Adding items to the agenda and submitting proposed decisions
One or more shareholders collectively holding at least 3% of the share capital may request that items be added to the agenda of the meetings and submit proposed decisions concerning original and/or added matters on the agenda.
Requests should be made in writing and include the text of items to be added with corresponding proposed decisions or of proposed decisions relating to original agenda items. They should state the e-mail address to which the Company can send an acknowledgement of receipt within 48 hours.
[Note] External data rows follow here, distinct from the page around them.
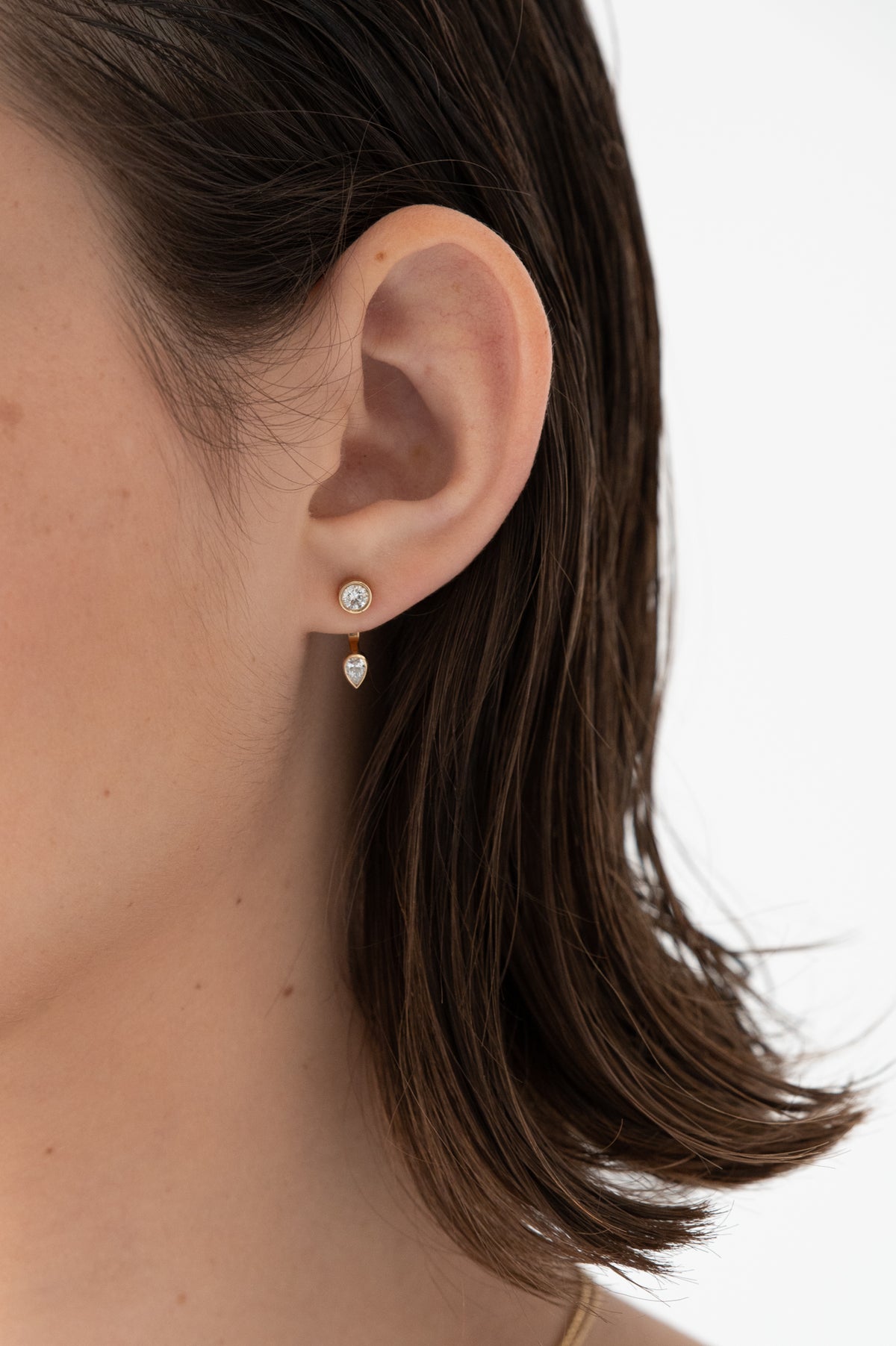 Diamond Add-on for earrings, view 2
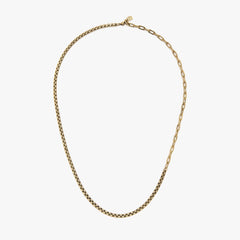 Men's Rolo Chain Necklace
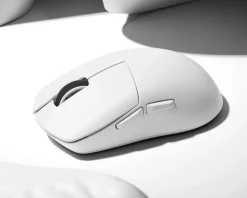 Lemokey Mice & Accessories|G1 Wireless Mouse - White [PixArt 3395]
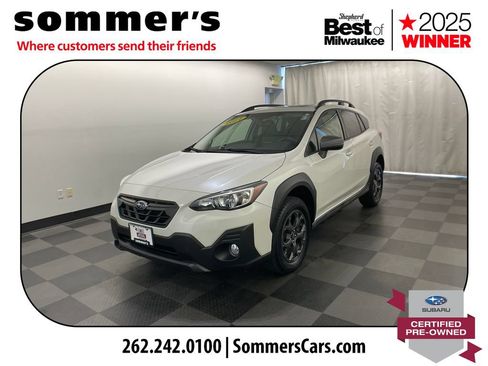 Certified 2021 Subaru Crosstrek 2.5i Sport w/ Moonroof Package AWD/4WD image 2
Requests should reach the Company no later than twenty-two days before the date of the general meeting (being Thursday 7th of April 2022) by e-mail sent to eric.nys@financiere-tubize.be.
Shareholders intending to exercise this right should prove, on the date of their request, that they hold at least 3 % of the share capital, either through a certificate stating that the corresponding shares are registered in the Company’s register of nominative shares, or through a certificate drawn up by a licensed account holder or settlement institution certifying the number of corresponding dematerialised shares registered in accounts on the name of the shareholders. They should also perform the accounting registration for at least 3 % of the capital.
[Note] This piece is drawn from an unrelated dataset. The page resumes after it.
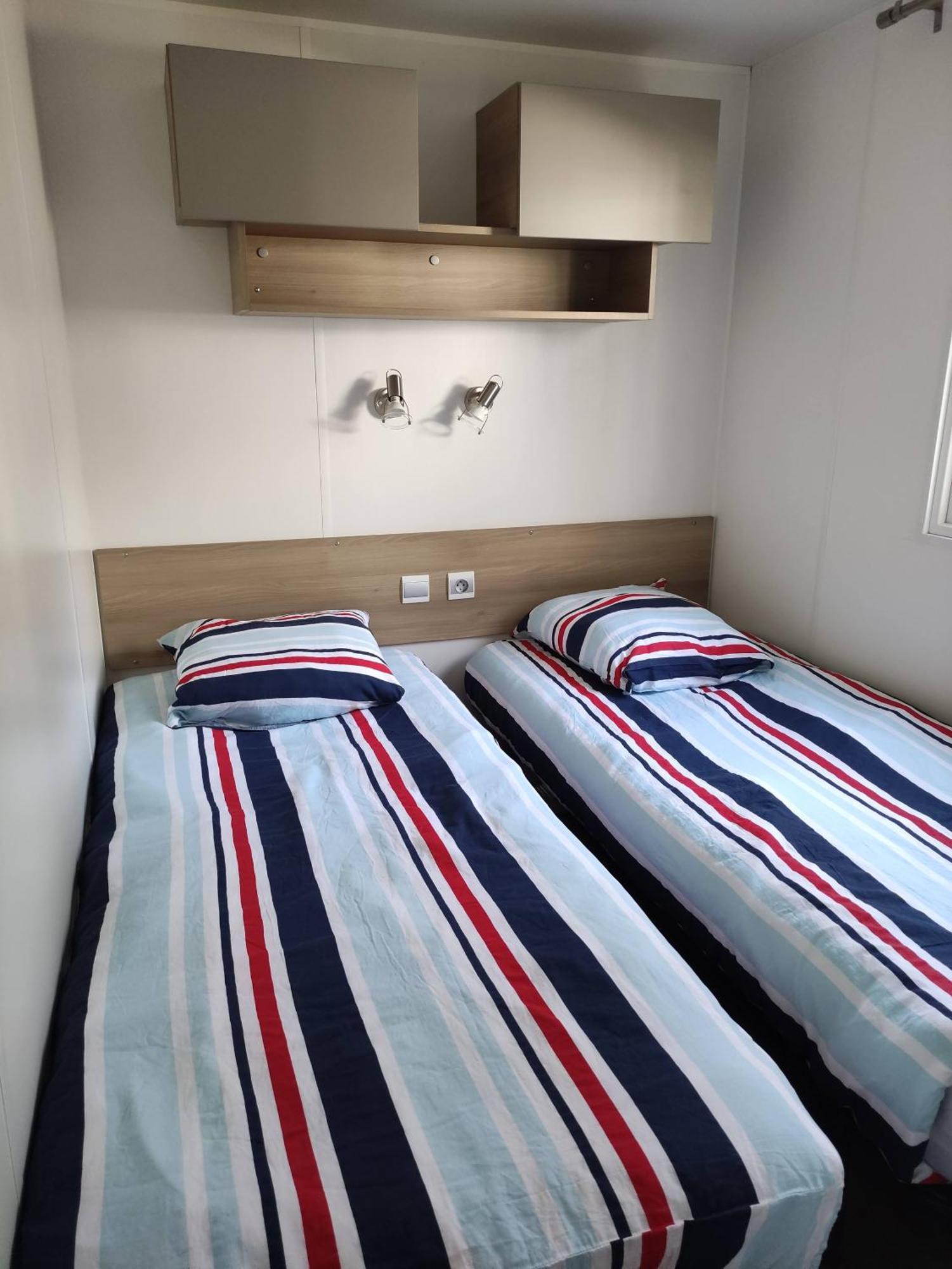 Mobil-Home 6/8 Personnes Au Domaine De Kerlann, Pont-Aven Eksteriør bilde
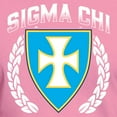 thumbnail image 3 of CafePress - Sigma Chi Flag Colored T Shirt - Men's Fitted T-Shirt, 3 of 4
If shareholders exercise this right, the Company shall publish a supplemented agenda for the general meetings according to the same terms as the original agenda and no later than fifteen days before the date of the general meetings (being Thursday 14 April 2022). Simultaneously, the Company will make amended forms for voting by proxy available to its shareholders through its website.
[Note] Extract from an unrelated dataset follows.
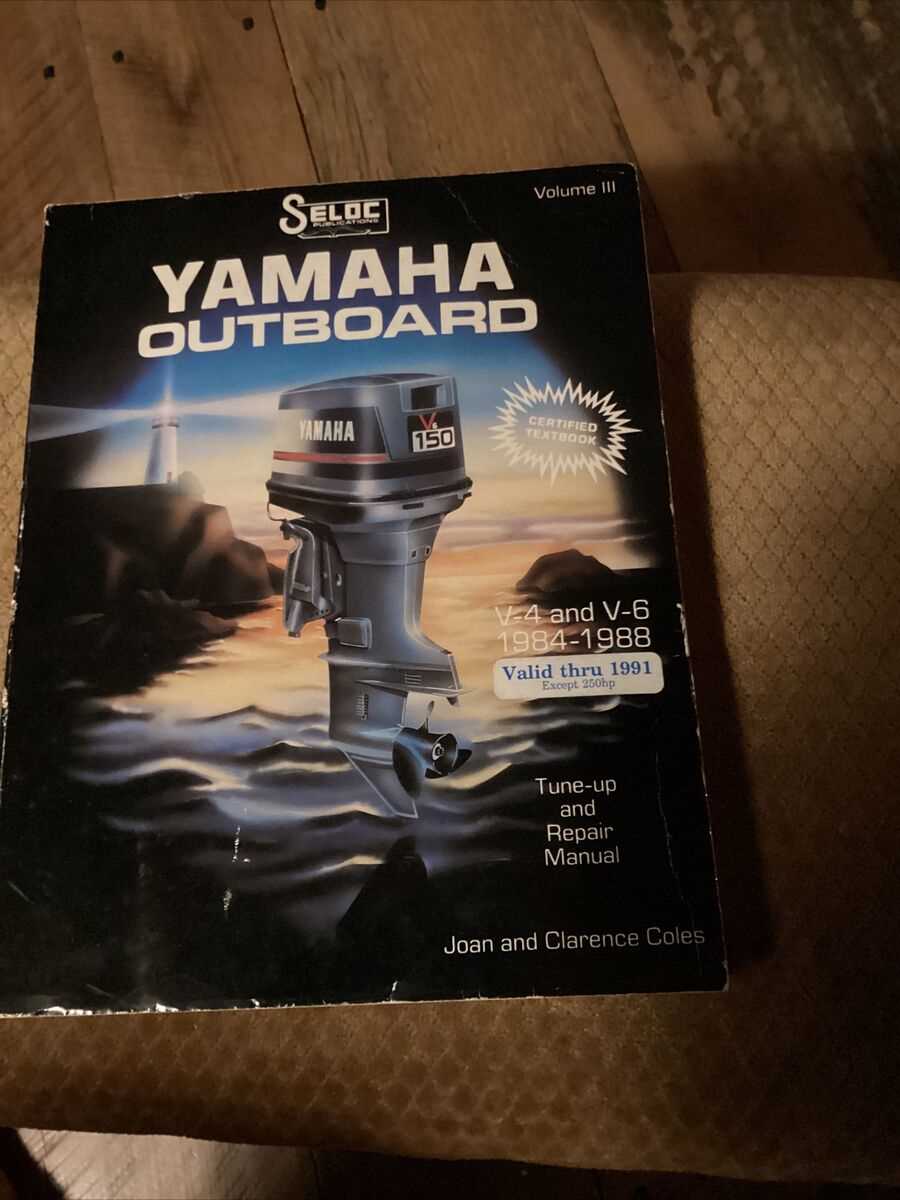 seloc yamaha outboard repair manual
Right to ask questions to the directors and the auditor
Each shareholder who has satisfied the formalities for admission to the meeting has the right, as from the publication of the invitation to attend, to ask questions in writing about the directors’ and the statutory auditor’s reports, as well as about any other items indicated on the agenda of the general meeting, to which will be responded, as the case may be, by the directors or the statutory auditor, as long as the disclosure of data or facts does not harm the Company’s commercial interests and does not violate the confidentiality agreements binding the Company, its directors or the statutory auditor. These questions should be sent electronically to eric.nys@financiere-tubize.be, no later than the sixth day before the date of the meeting (being Saturday 23 April 2022).
Information on the website
The following information can be consulted on the Company’s website www.financiere-tubize.be.:
- Present convening
- Proxy form
- Total number of shares and voting rights at the date of the present convening
- All documents intended to be presented to the ordinary general meeting
- Annual accounts
- EU-IFRS accounts
- Management report of the board of directors
- Remuneration report
- Statutory auditor's report on the annual accounts
- Auditor's report on the EU-IFRS accounts
- Annual financial report
- Draft remuneration policy
- Profile of the proposed new directors and profile of the directors whose term of office is proposed.
Holders of nominative shares receive a copy of all documents together with the invitation to attend. Other shareholders may obtain a free copy of the documents by sending a request to eric.nys@financiere-tubize.be.
On the day of the assemblies, share owners and proxy holders will have to prove their identity and representatives of corporations will have to evidence their power. Therefore, it is highly recommended to register at 10:00AM.